The wheels add to the lie of the Caracal... for this small wild cat looks, and often acts, so charming toward humans, just like the passionvine that modeled for this wheel looks and acts so sweet, just before it winds around your whole garden and chokes any tamer species into submission. I carved stories all over the caracal, some of them true and some of them exaggerated, to work to capture the way various observers classify this fierce kitty kat.  



After all that work, the chickens, dogs and my amazingly willing tribe of helpers and I were ready to pack the fancy new crates and head to the show. I even scrubbed the clay and glaze out from under my fingernails. 

Brother Rabbit seemed to capture everyone's heart at the opening,
and maybe I should bet on the Derby next year, because I predicted he would be the first one to cross the tapes, and, in fact, he sold fast and was the first pet Roman and I bid goodbye. 


No briar patch or garden fence gonna snag this rabbit's coat... all we can see is his back
as he heads out the gallery door. 

The Llama hasn't sold yet, and I think Roman and his friends may be glad. Measured in children's years, this camelid has lived with them a big chunk of a lifetime. The llama carries classic stories that have in turn accompanied me for all of my lifetime, stories that, after travelling to their shores again and again, informed this show. 
I didn't have a llama to carry the hippo and rhino's story around. It's been writing itself inside me since the early 90's when I visited their territory in Kenya and Tanzania, and found myself captivated by their similarities and differences. 

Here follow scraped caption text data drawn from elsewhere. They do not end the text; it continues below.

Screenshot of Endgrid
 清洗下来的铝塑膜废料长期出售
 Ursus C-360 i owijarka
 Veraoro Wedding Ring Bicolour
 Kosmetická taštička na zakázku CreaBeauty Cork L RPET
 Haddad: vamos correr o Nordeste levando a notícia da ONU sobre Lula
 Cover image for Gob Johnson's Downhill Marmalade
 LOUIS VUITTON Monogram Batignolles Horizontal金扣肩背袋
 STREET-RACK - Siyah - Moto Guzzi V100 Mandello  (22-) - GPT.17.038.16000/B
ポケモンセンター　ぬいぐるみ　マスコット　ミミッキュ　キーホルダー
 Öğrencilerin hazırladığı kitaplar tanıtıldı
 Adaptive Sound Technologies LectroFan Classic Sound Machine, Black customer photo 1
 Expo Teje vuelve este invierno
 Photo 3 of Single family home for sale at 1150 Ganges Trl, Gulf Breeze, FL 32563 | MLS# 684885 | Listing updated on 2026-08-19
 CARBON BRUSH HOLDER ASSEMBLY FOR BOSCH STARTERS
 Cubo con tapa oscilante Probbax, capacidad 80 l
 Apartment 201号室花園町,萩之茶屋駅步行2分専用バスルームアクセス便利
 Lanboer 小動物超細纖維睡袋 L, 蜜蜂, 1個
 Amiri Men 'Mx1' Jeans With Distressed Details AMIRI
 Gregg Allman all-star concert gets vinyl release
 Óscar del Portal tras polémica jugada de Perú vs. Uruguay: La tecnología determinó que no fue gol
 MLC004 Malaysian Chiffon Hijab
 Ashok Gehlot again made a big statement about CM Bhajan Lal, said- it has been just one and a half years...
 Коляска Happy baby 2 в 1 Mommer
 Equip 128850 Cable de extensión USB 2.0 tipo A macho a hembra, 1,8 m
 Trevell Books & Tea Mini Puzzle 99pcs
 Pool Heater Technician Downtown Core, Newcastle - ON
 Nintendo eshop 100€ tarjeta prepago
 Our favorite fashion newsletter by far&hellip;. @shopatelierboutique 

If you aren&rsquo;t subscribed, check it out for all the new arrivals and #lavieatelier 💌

I loved having a pack of kids at the opening... even though I and the other parents experienced small heart palpitations about potential calamity to ceramic, oil, or glass as they made the gallery their own. I love it that the kiddos think these pieces belong to them, because, certainly, I made them for kids as much as for grown ups. Kellie Scott, owner of beautiful RedSky Gallery, set up an fantasy-worthy opening spread of candy corn, cracker jack, m&m's and more childhood taste sensations. I felt in spectacular company, as one of my favorite artists, Joseph Cornell, offered a kid-food spread at his last show.

 
I love the slow-time of working with clay. As a piece grows, I have time to mull over small decisions and revisions. Because I have balanced the hippo and rhino see-saw in my mind for years (I've thought about this piece since seeing Dürer's Rhino and travelling in Africa as a wide-eyed undergraduate) I've puzzled through many of the challenges in drawings and small maquettes. But I hadn't thought through the final surfaces, thinking I'd go fairly realistic like I had with the God Dog from Garden of Earthly Delights earlier this summer. I wanted to emphasize the subtle feminine/masculine play that I see with these two beasts, though, and somehow the ribbon and pirate belt weren't quite enough. Somewhere back in my memory I remembered an albino hippo, but when I looked it up, I found pink hippos! Hippos can get a different pigmentation condition called Leucism, just like humans and pigeons and lions. In hippos, it results in spotty pink skin which, though a bit adorable, is not so happy if you live in a sun-soaked climate. You can see some sun-burn on my hippo, too. I wanted to keep the boy/girl, blue/pink classification subtle, so I patted lace all over the rhino so he could remain in touch with his sensitive side. I hear rhinos are very sensitive.

 
Leucistic Hippo. 

I couldn't find a blue rhino I liked, but this Ancient Egyptian blue hippo has always inspired me... and Dürer's Rhino has never left the front of my mind since I first saw it in the pink 80's. 

Woodcut
you can visit the hippo at the Met and Dürer's Rhino at the British Museum. 

This saddleback Caterpillar
is probably the only other pink sculpture I've made besides the hippo! 
My favorite part of the saddleback is the stirrups, which were the last part to metamorphose. I based them on antique Chinese stirrups and carved them with saddleback caterpillar moths. 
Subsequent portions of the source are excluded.